La creación del nuevo centro responde a la necesidad de estructurar y proyectar esta actividad, así como de reforzar su alcance mediante nuevas iniciativas académicas. Entre ellas, destaca la futura puesta en marcha de una plataforma digital para recoger y difundir la producción audiovisual generada en este ámbito.
El personalismo fílmico como eje de estudio
Su actividad se articula en torno al personalismo fílmico, una línea de investigación que propone abordar el cine desde su capacidad para reflejar la dignidad de la persona y su valor antropológico.
Este enfoque presta especial atención al cine clásico, donde —según Peris— se desarrolla en paralelo al personalismo filosófico, aunque se extiende también al cine contemporáneo y a distintas tradiciones culturales.
En un contexto marcado por el avance tecnológico, esta perspectiva plantea el séptimo arte como un espacio de reflexión y creatividad. “Queda mucho por hacer —señala Peris— y para ello hacen falta personas capaces de integrar lo que piensan, lo que viven y lo que deciden”.
El legado de José Sanmartín
El Instituto recoge y proyecta el legado intelectual de José Sanmartín, quien defendió la necesidad de orientar la tecnología al servicio del desarrollo humano. Desde esta perspectiva, el cine se entiende como un arte tecnológico que remite a experiencias fundamentales como el amor, el reconocimiento o la gratitud.
“Somos seres relacionales y nadie ha nacido de sí mismo”, apunta Peris, quien advierte de los riesgos de corrientes que tienden a desdibujar lo humano. Frente a ello, el cine permite abrir espacios de reflexión sobre el sentido del progreso y sobre aquello que define a la persona.
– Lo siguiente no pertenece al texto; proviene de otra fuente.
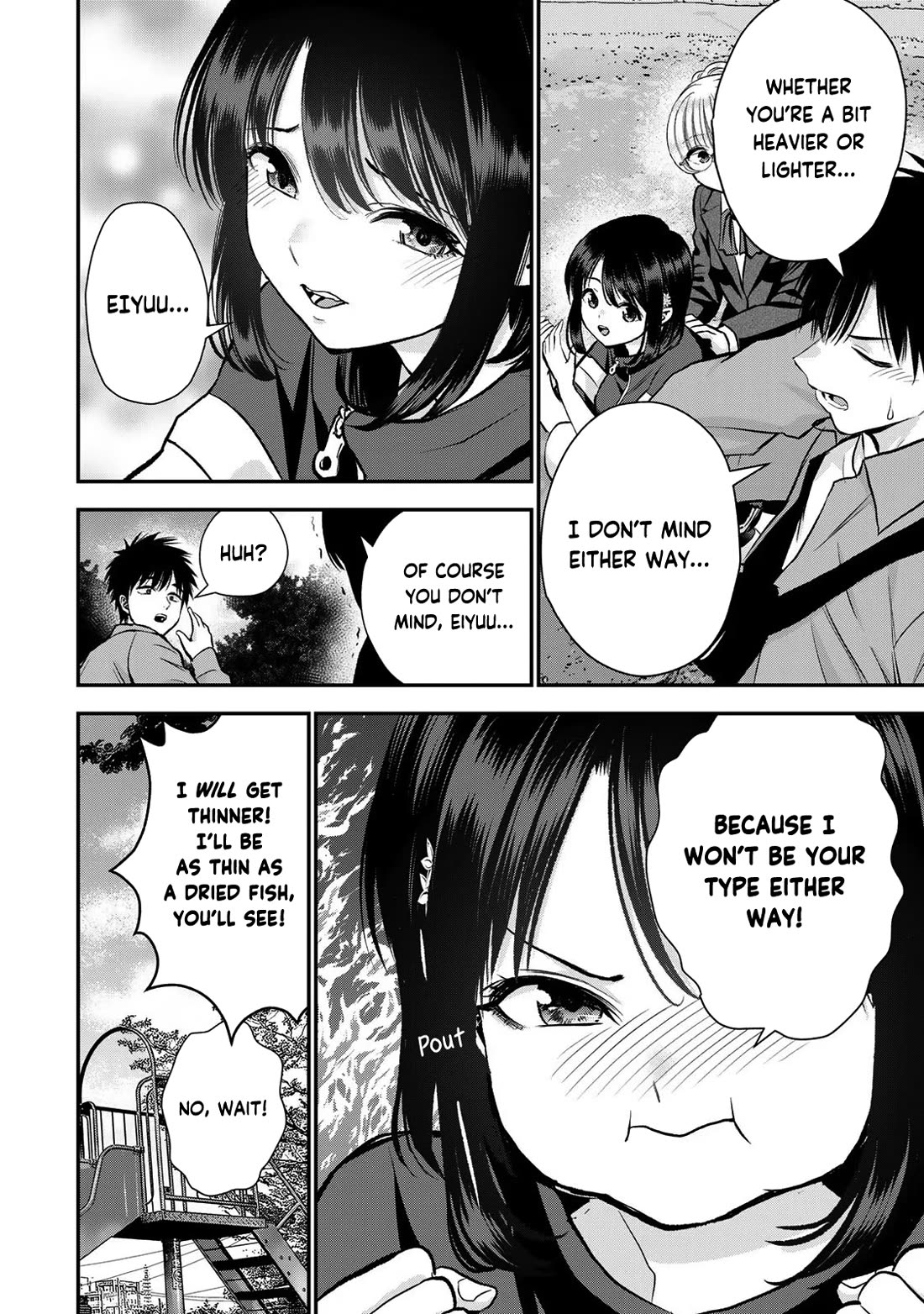 No More Love With the Girls Chapter 88 page 8 - Chapter 88: Romcoms don’t happen even when you diet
El Instituto cuenta con un equipo formado por especialistas de distintos ámbitos, como la filosofía, el derecho, la comunicación, la lingüística o las artes, lo que permite abordar el fenómeno cinematográfico desde diversas perspectivas.
La dirección corresponde al profesor Ginés Marco, mientras que la subdirección recae en Julen Carreño, quien ejerce además como secretario junto a David García Ramos.
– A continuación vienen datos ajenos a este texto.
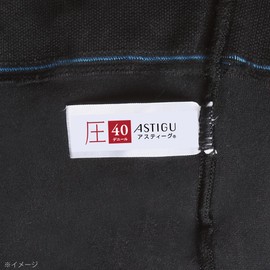 ASTIGU AP9044 Pressure 40 Denier Firm Single Item, Black, L–LL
Este enfoque interdisciplinar busca fomentar una reflexión compartida sobre los retos contemporáneos, especialmente en relación con el impacto de la tecnología y la necesidad de orientar su desarrollo desde criterios humanos.
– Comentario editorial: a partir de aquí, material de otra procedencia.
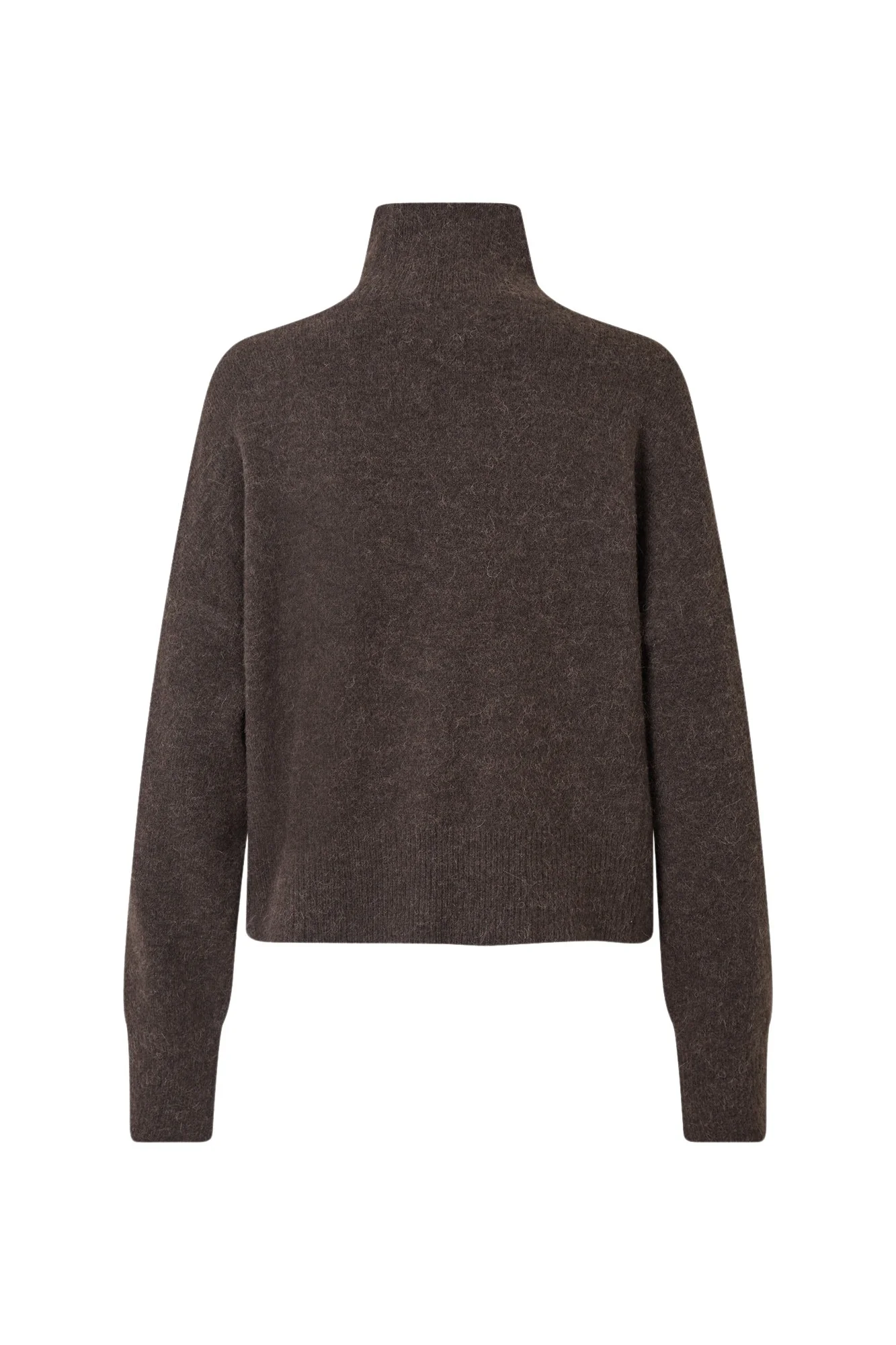 Samsøe Samsøe  Nola t-n turtleneck uldstriktrøje - Chocolate Torte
Investigación y divulgación
Junto a su labor investigadora, el Instituto incorpora también una dimensión de transferencia y divulgación. El cine, recuerda Peris, es un medio accesible que permite llegar a públicos amplios y generar interés por cuestiones de fondo.
En este sentido, el centro aspira a acercar al público la riqueza del cine como forma de conocimiento, especialmente entre los más jóvenes, y a promover una mirada más consciente sobre las obras audiovisuales.
Asimismo, su creación supone la ampliación de esta línea de trabajo a toda la universidad, facilitando su aplicación en ámbitos diversos como el derecho, la psicología o las ciencias.
El Instituto busca además reforzar su proyección internacional mediante la colaboración con universidades y centros de investigación, con el objetivo de establecer redes estables más allá de los encuentros académicos puntuales.
Se trata de una línea de trabajo abierta, que —en palabras de Peris— conecta con “el deseo de comprender mejor lo humano y de orientar el progreso hacia formas de convivencia más justas y esperanzadoras”.